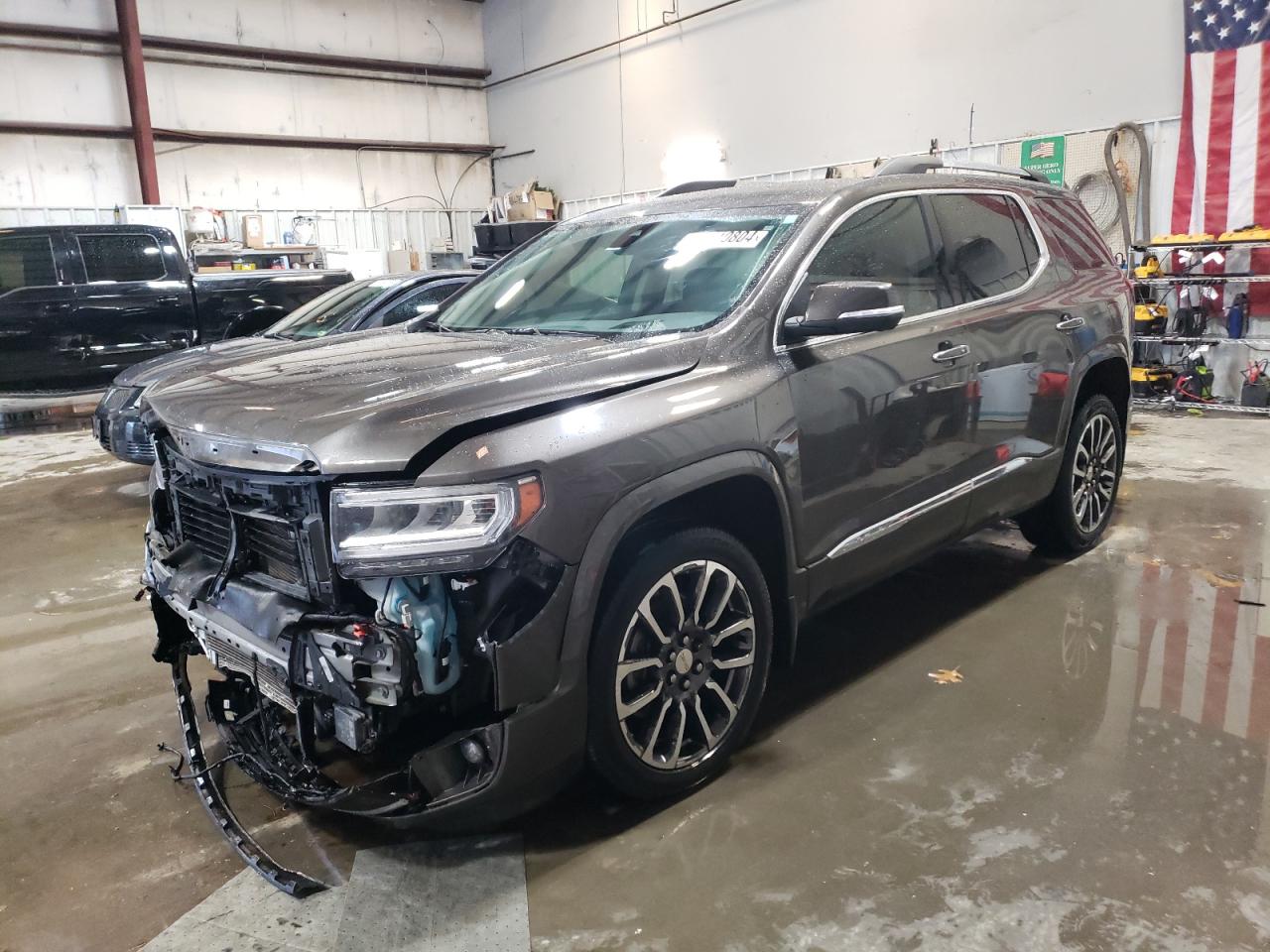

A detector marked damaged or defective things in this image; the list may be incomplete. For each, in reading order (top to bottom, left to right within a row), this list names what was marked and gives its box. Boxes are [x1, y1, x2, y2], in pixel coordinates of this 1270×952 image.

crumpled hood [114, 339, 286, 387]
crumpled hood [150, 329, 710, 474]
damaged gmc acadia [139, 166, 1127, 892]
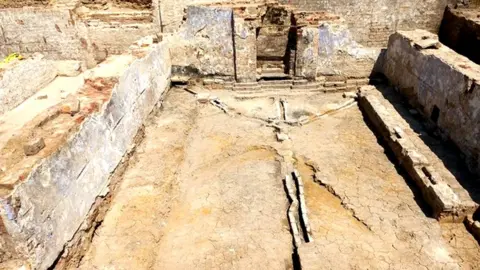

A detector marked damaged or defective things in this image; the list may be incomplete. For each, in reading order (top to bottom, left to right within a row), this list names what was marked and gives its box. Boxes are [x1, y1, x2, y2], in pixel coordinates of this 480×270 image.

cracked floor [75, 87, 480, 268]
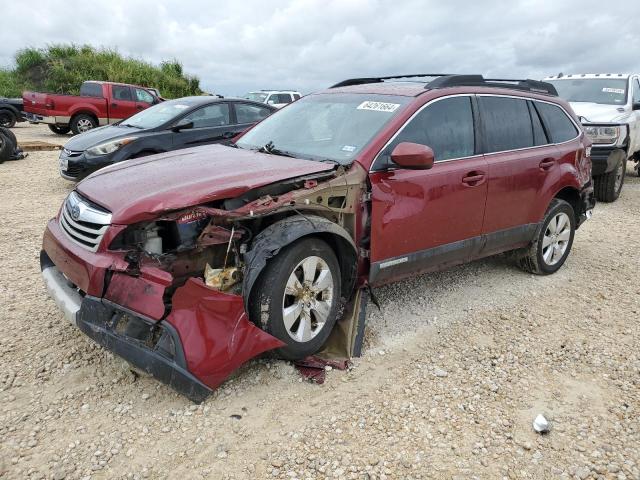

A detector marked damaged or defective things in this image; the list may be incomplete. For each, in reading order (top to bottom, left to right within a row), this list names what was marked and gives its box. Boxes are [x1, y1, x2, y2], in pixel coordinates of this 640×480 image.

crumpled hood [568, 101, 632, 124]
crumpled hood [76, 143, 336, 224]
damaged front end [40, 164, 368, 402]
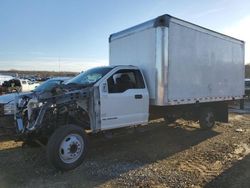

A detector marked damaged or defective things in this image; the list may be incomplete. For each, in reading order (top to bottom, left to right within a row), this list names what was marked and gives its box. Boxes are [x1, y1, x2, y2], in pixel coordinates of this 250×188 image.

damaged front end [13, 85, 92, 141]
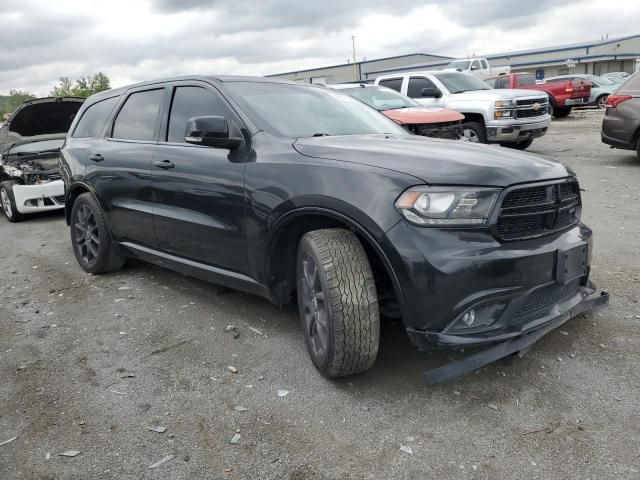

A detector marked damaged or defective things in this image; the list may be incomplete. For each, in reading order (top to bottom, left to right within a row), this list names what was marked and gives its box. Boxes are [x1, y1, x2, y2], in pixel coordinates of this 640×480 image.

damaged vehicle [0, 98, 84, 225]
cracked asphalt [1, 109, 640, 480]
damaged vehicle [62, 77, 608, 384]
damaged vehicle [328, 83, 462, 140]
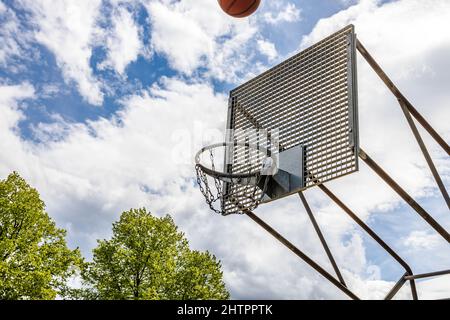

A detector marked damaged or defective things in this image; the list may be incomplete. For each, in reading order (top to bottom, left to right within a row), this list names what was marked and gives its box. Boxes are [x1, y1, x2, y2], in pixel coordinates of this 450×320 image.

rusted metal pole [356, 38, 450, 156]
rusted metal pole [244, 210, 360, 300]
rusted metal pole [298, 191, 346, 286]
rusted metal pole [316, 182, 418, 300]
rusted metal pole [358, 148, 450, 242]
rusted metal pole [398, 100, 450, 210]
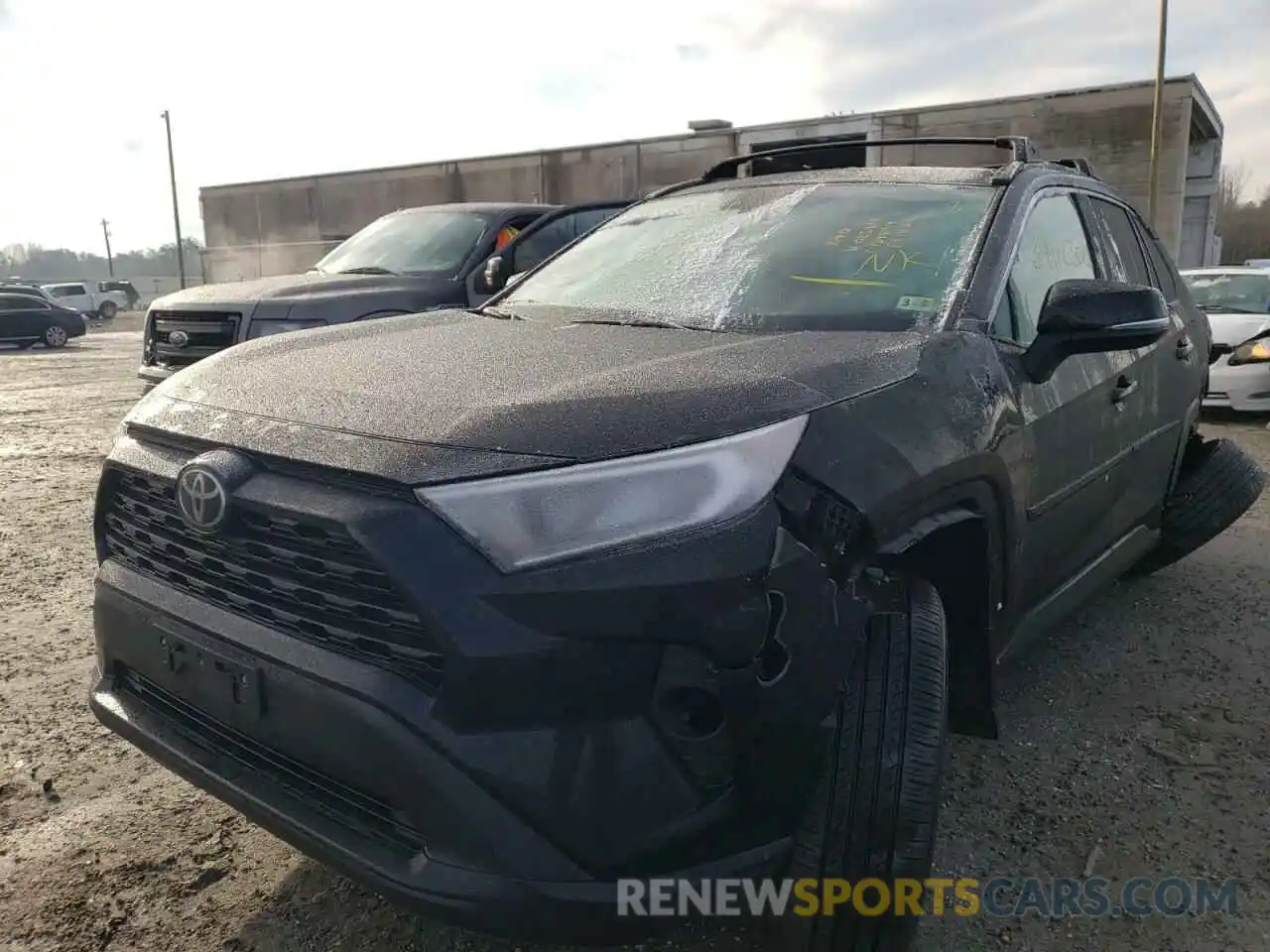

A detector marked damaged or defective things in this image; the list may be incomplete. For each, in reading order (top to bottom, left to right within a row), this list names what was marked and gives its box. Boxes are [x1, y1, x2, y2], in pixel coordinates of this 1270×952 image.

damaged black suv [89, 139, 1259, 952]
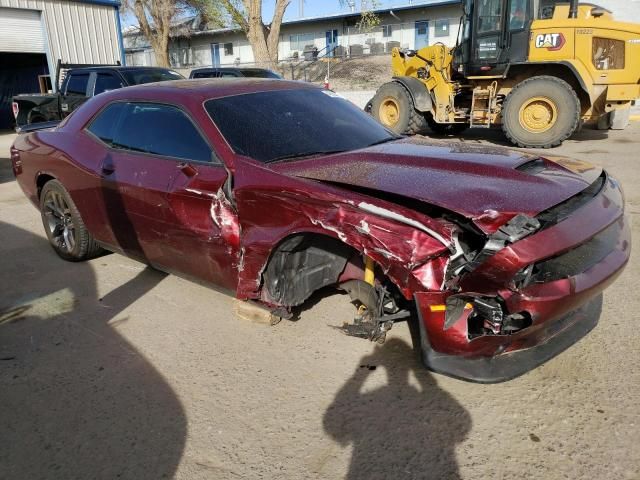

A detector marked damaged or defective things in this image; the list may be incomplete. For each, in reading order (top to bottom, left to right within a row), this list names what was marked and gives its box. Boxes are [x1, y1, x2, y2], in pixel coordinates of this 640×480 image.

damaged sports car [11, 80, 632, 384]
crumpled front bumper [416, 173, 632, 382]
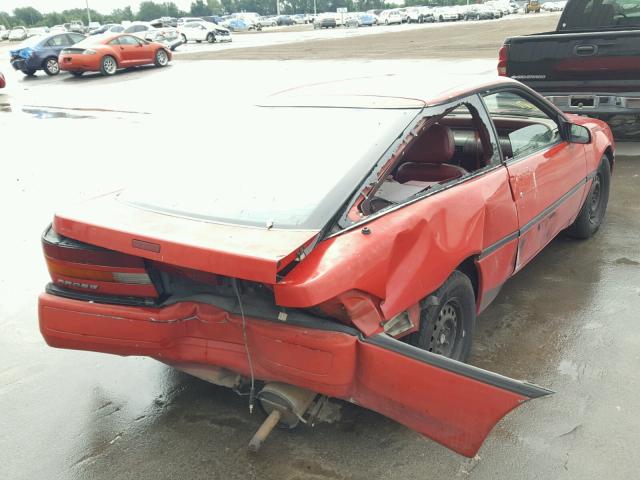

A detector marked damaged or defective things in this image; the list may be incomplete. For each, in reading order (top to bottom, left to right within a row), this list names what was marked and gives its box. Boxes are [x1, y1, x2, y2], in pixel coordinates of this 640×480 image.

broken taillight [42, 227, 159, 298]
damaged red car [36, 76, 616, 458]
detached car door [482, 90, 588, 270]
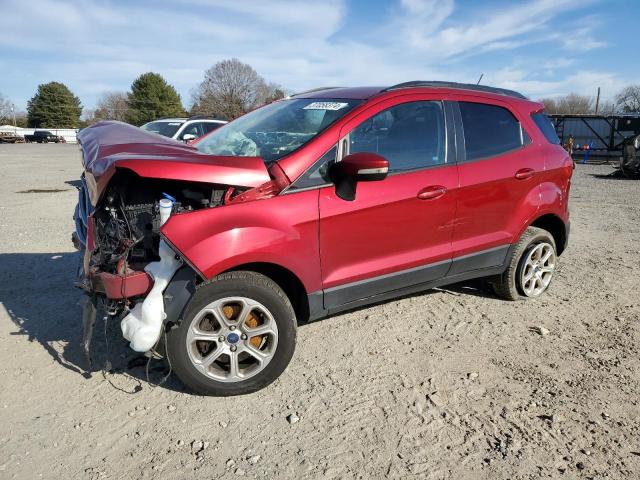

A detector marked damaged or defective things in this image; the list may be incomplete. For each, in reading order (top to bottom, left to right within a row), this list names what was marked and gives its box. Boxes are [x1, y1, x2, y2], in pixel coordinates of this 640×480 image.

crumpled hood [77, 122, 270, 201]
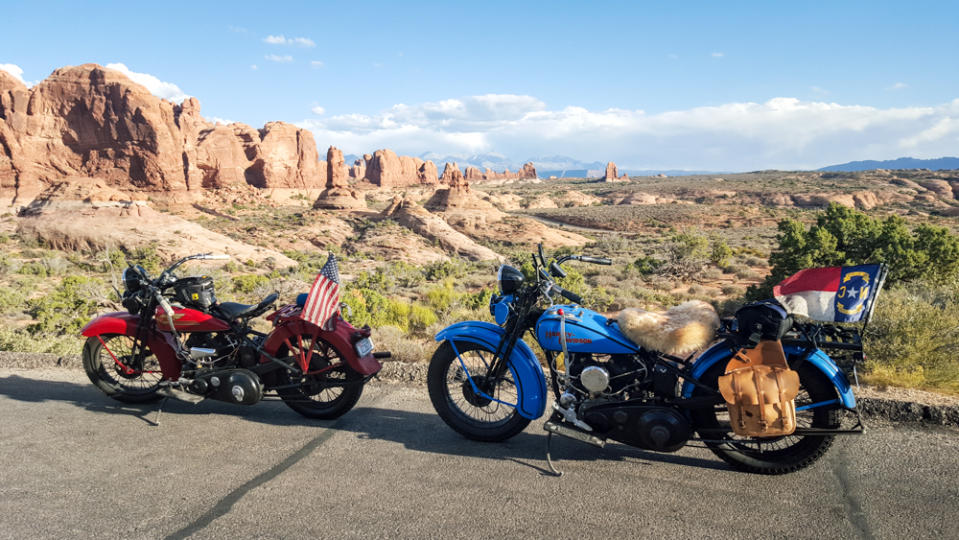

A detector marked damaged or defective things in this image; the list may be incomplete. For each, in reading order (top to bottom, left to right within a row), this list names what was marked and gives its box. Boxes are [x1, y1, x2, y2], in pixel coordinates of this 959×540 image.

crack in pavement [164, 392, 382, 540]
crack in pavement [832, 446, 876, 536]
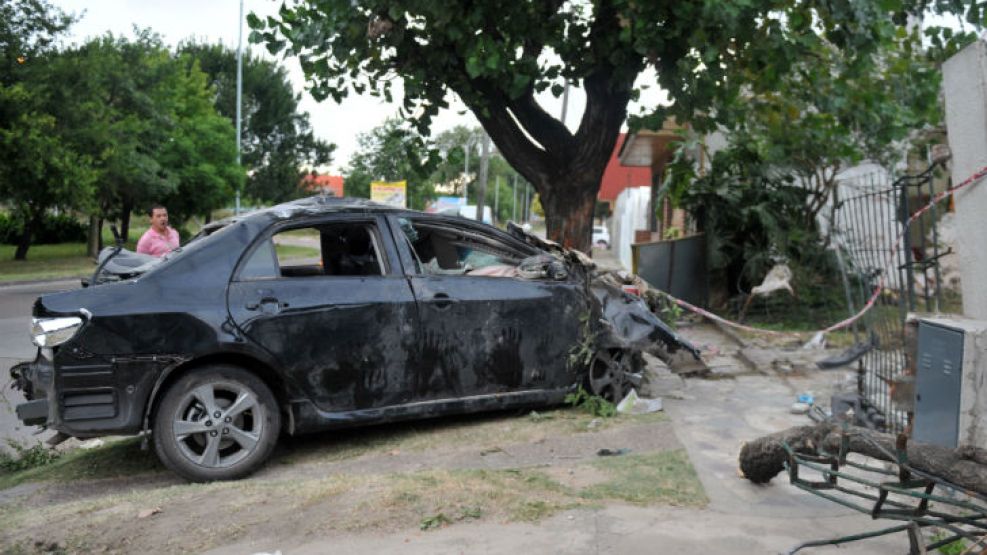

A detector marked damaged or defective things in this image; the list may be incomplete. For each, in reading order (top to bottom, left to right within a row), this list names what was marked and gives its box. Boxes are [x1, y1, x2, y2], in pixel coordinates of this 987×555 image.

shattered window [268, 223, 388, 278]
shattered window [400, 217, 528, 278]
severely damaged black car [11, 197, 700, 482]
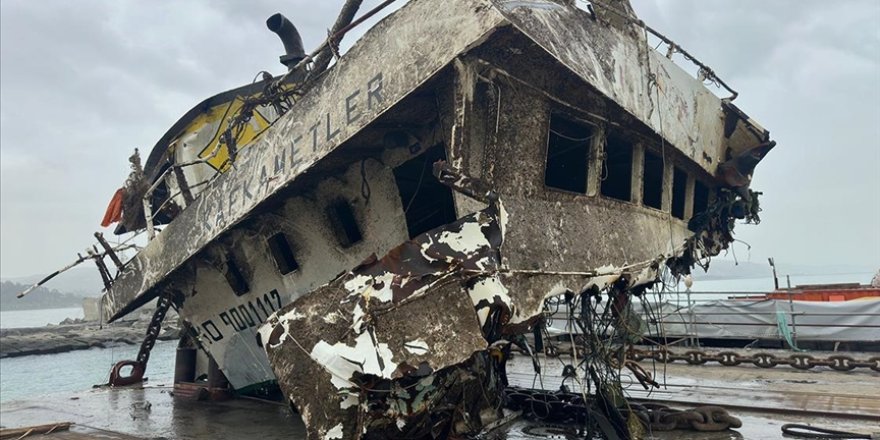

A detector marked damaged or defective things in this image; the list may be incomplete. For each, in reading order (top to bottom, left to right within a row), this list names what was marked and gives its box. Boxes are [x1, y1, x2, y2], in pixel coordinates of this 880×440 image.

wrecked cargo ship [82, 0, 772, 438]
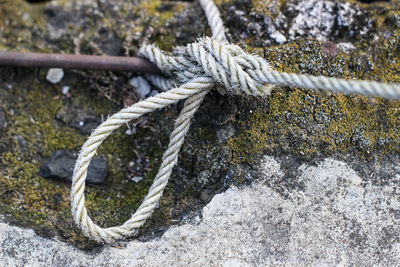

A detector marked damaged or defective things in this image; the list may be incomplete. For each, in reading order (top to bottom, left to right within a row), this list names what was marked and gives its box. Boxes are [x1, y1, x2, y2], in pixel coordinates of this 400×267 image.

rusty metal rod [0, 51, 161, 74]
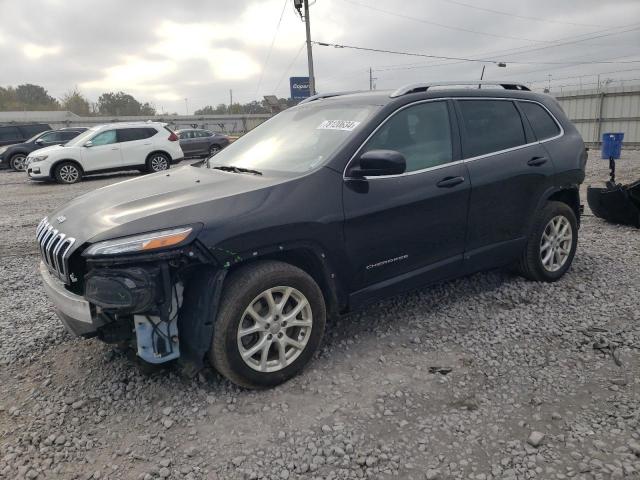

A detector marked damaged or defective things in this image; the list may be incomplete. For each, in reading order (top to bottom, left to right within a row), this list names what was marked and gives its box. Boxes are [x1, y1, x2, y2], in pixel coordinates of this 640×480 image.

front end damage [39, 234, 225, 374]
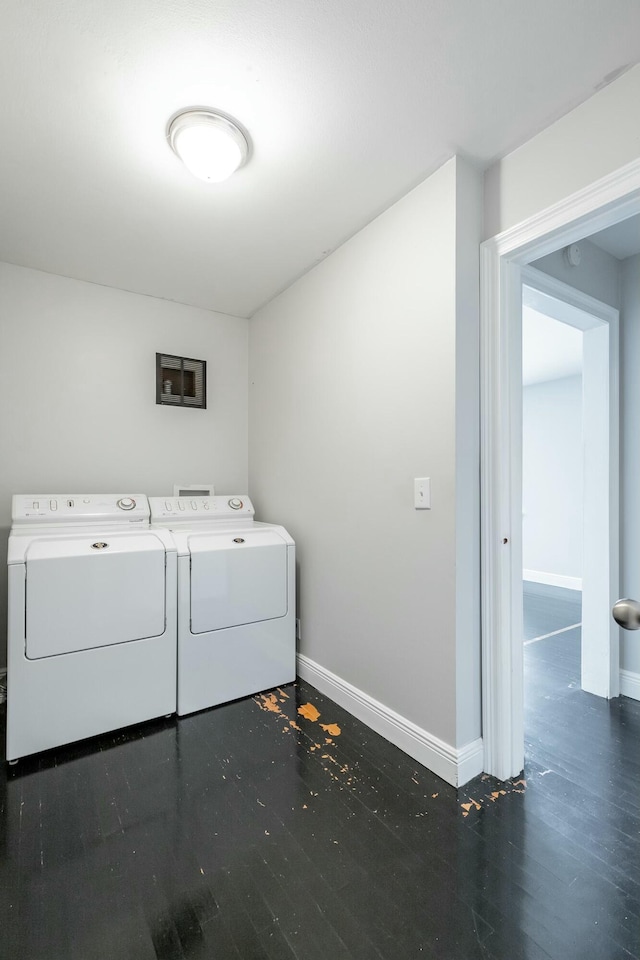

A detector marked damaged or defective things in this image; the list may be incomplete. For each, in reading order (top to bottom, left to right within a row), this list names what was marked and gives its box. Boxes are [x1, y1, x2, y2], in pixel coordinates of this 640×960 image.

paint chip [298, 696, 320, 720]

+ + +

TASK TO COMPLETE:
Please repeat all of the entries above word for word, but drop any pictures.

ANSWER TO THE PROBLEM:
A detector marked damaged or defective things in this image; the list may be incomplete. For each, in reading order (top to bottom, left to right within a row), this list names what was marked and gives its box. Boxes are [x1, y1, x2, y2], in pixel coordinates of this 1270×952 image.

crumpled hood [114, 339, 286, 387]
crumpled hood [150, 329, 710, 474]
damaged gmc acadia [139, 166, 1127, 892]

A detector marked damaged or defective things in this image; the list may be incomplete. For each, in reading order (top to bottom, left to right within a row), this list names what was marked and gives its box. Boxes are [x1, y1, x2, y2], in pixel coordinates of this 480×270 image.

cracked floor [75, 87, 480, 268]

A detector marked damaged or defective things in this image; the list may be incomplete. For each, in reading order (top to bottom, left to right within a row), this list names what was marked and gives its box. Boxes are [x1, y1, x2, y2], in pixel coordinates of this 640×480 image.

crumpled hood [568, 101, 632, 124]
crumpled hood [76, 143, 336, 224]
damaged front end [40, 164, 368, 402]

A detector marked damaged or defective things in this image; the list may be incomplete. For each, in reading order (top to bottom, left to right within a row), this list names what was marked and gives its box. Boxes are [x1, y1, x2, y2], in pixel coordinates of this 250×188 image.

damaged front end [13, 85, 92, 141]

A detector marked damaged or defective things in this image; the list may be incomplete. For each, in reading order (top to bottom, left to right within a row), this list names what was marked and gives its box. Boxes are [x1, y1, x2, y2], in pixel coordinates of this 640×480 image.

damaged vehicle [0, 98, 84, 225]
cracked asphalt [1, 109, 640, 480]
damaged vehicle [62, 77, 608, 384]
damaged vehicle [328, 83, 462, 140]

A detector marked damaged or defective things in this image; the list may be incomplete. For each, in reading order (top to bottom, left to right within a row), this list names what was marked and gives its box. Boxes are [x1, y1, x2, y2], in pixel coordinates of this 450×320 image.

rusted metal pole [356, 38, 450, 156]
rusted metal pole [244, 210, 360, 300]
rusted metal pole [298, 191, 346, 286]
rusted metal pole [316, 182, 418, 300]
rusted metal pole [358, 148, 450, 242]
rusted metal pole [398, 100, 450, 210]

A detector marked damaged or defective things in this image; the list may be incomplete. For each, in reading order (top to bottom, left to right within a row), this list names what was marked and gives its box. Boxes are [x1, y1, x2, y2], in pixel coordinates of this 1270×952 image.

damaged black suv [89, 139, 1259, 952]

A detector marked damaged or defective things in this image; the list may be incomplete. For each, in reading order (top to bottom, left to right within a row), this list names what was marked and gives its box. Boxes are [x1, y1, x2, y2], in pixel coordinates of this 640×480 image.

damaged sports car [11, 80, 632, 384]
crumpled front bumper [416, 173, 632, 382]

A detector marked damaged or defective things in this image; the list may be incomplete. For each, in reading order (top to bottom, left to right within a row), this list names what was marked and gives its box. Boxes are [x1, y1, x2, y2], in pixel coordinates of this 640×480 image.

broken taillight [42, 227, 159, 298]
damaged red car [36, 76, 616, 458]
detached car door [482, 90, 588, 270]

A detector marked damaged or defective things in this image; the list may be incomplete. For each, in reading order (top to bottom, left to right within a row), this list names what was marked and gives its box. Boxes are [x1, y1, x2, y2], in pixel coordinates of this 640×480 image.

crumpled hood [77, 122, 270, 201]

A detector marked damaged or defective things in this image; the list may be incomplete. For each, in reading order (top to bottom, left to right within a row), this list names what was marked and gives its box. Boxes are [x1, y1, x2, y2], in pixel coordinates of this 959×540 image.

crack in pavement [164, 392, 382, 540]
crack in pavement [832, 446, 876, 536]

A detector marked damaged or defective things in this image; the list may be incomplete. For each, in reading order (top to bottom, left to right within a row), this list names what was marked and gives its box. Boxes are [x1, y1, x2, y2], in pixel coordinates of this 987×555 image.

shattered window [268, 223, 388, 278]
shattered window [400, 217, 528, 278]
severely damaged black car [11, 197, 700, 482]

A detector marked damaged or defective things in this image; the list may be incomplete. For each, in reading order (top to bottom, left to right within a row), this list names what was marked and gives its box. Boxes are [x1, y1, x2, y2], in pixel coordinates of this 880×440 image.

wrecked cargo ship [82, 0, 772, 438]

A detector marked damaged or defective things in this image; the list may be incomplete. For each, in reading order (top to bottom, left to right within a row), this list names what was marked and gives its box. Boxes are [x1, y1, x2, y2], in pixel coordinates of this 400×267 image.

rusty metal rod [0, 51, 161, 74]

A detector marked damaged or defective things in this image; the list may be incomplete. For each, in reading order (top to bottom, left to right within a row), this list names what was marked and gives its box. Boxes are [x1, y1, x2, y2], in pixel coordinates of this 640×480 image.

front end damage [39, 234, 225, 374]

A detector marked damaged or defective things in this image; the list may be incomplete. For each, in reading order (top to bottom, left to right within a row), this list names what was marked and gives its box. Boxes are [x1, y1, x2, y2], in pixel coordinates of this 640×960 image.

paint chip [298, 696, 320, 720]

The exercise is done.